Porsche Sticks With CarPlay Ultra, Even As the Herd Scatters

Black Porsche on Road

Porsche says it will bring CarPlay Ultra to future models but still refuses to pin down a launch date.

Chief designer Michael Mauer delivered the pledge to the Financial Times, which in the same report revealed a growing list of rivals, Mercedes-Benz, Audi, BMW, Volvo, Polestar, and Renault, now shunning Apple’s expanded dashboard. Porsche signed up when Apple previewed the “next-generation CarPlay” at WWDC 2022 and even showed branded mock-ups a year later. Then came radio silence, until this week’s reaffirmation.

CarPlay Ultra goes far beyond the familiar phone-mirroring version. It runs the instrument cluster, climate controls, and tyre-pressure readouts, while Apple’s own Radio and Climate apps replace much of the carmaker’s native UI. Drivers can tweak colours and arrange widgets to suit the cabin’s mood.

Apple CarPlay Ultra dashboard
Image Source: Apple

Today, the software lives only inside a handful of Aston Martin models in North America. Apple says Hyundai, Kia, and Genesis are next, but those rollouts stretch into 2026. Standard CarPlay already appears in 98 percent of new U.S. cars and sees more than 600 million daily uses, according to the FT, evidence of the pull Apple holds over buyers.

Manufacturers Aren’t Ready To Give Up Their Dashboards Yet

Yet many automakers see more risk than upside.
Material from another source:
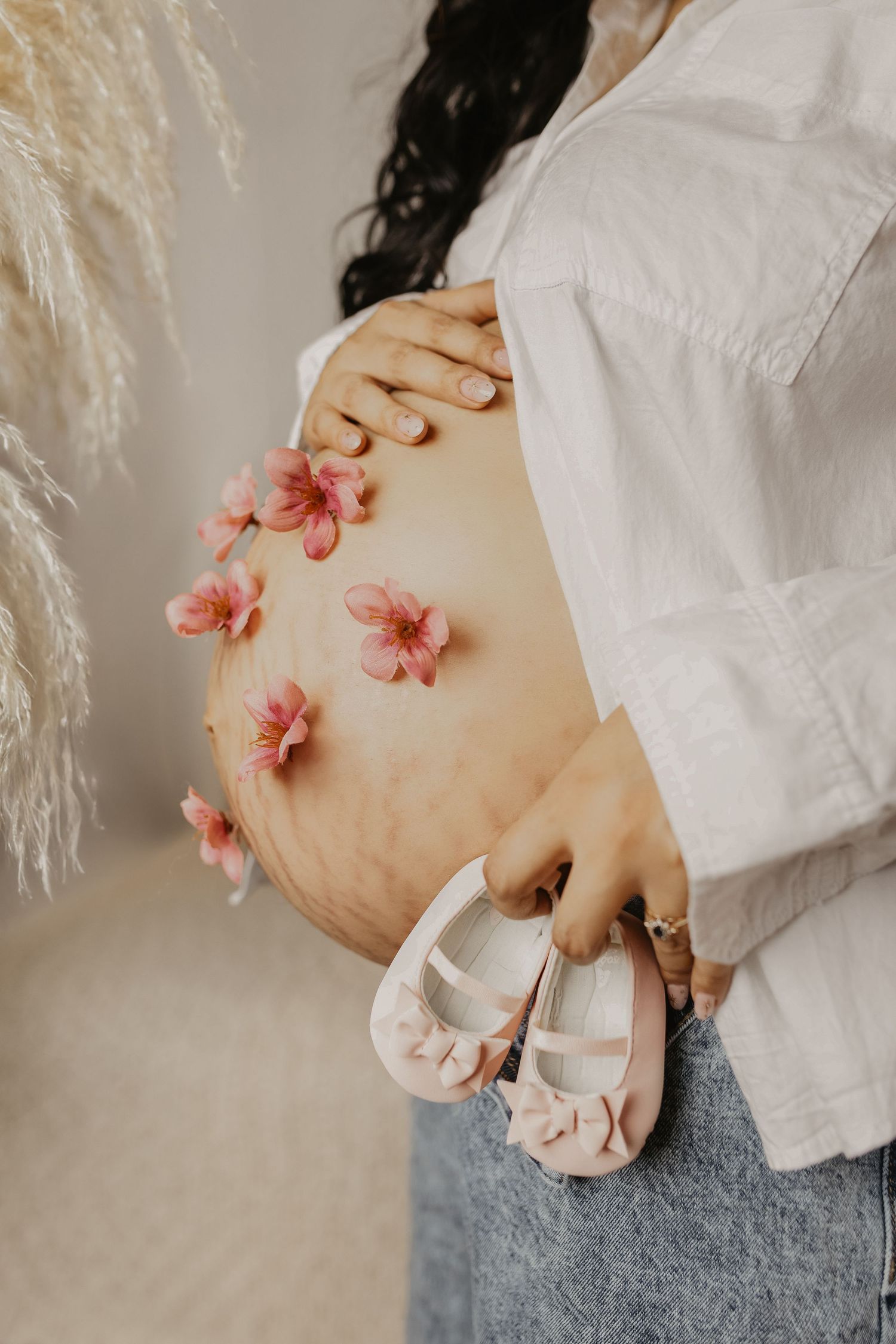 Artistic maternity photos with pink flowers placed on pregnant belly.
They fear ceding screen real estate, customer relationships, and lucrative driver data to Cupertino at a time when software subscriptions promise fresh revenue. Several also worry that Apple’s design language could erode hard-won brand identity.

Porsche takes a different tack. Its customers lean heavily toward the iPhone ecosystem, and the brand has long marketed itself as tech-forward. Aligning with CarPlay Ultra lets Stuttgart promise a cabin that feels as slick as an iOS home screen while still dressing Apple’s templates in Porsche fonts and colours.

Technical hurdles remain steep. Ultra demands dozens of vehicle-control APIs, rigorous safety certification and painstaking UI work for each trim level—tasks that can drag on development calendars already packed with EV transitions and autonomous-drive upgrades. Those complexities likely explain Porsche’s reluctance to quote a delivery year.

Still, the company’s renewed commitment gives Apple a critical ally just as momentum appears to wobble elsewhere. If Porsche can ship the first sports car with a fully Apple-powered cockpit, it may prove that heritage brands can embrace Silicon Valley without losing their soul—and put fresh pressure on the holdouts circling their own walled gardens.

One thought on “Porsche Sticks With CarPlay Ultra, Even As the Herd Scatters

  • Really interesting to see Porsche committing to CarPlay Ultra while other automakers back away. It shows they understand their customer base, many of whom are deeply invested in the Apple ecosystem. The challenge will be integrating it seamlessly without compromising Porsche’s brand identity. If they can blend the convenience of CarPlay Ultra with the performance-focused experience Porsche is known for, it could set a new standard for how legacy brands embrace tech without losing their soul. Curious to see how this plays out.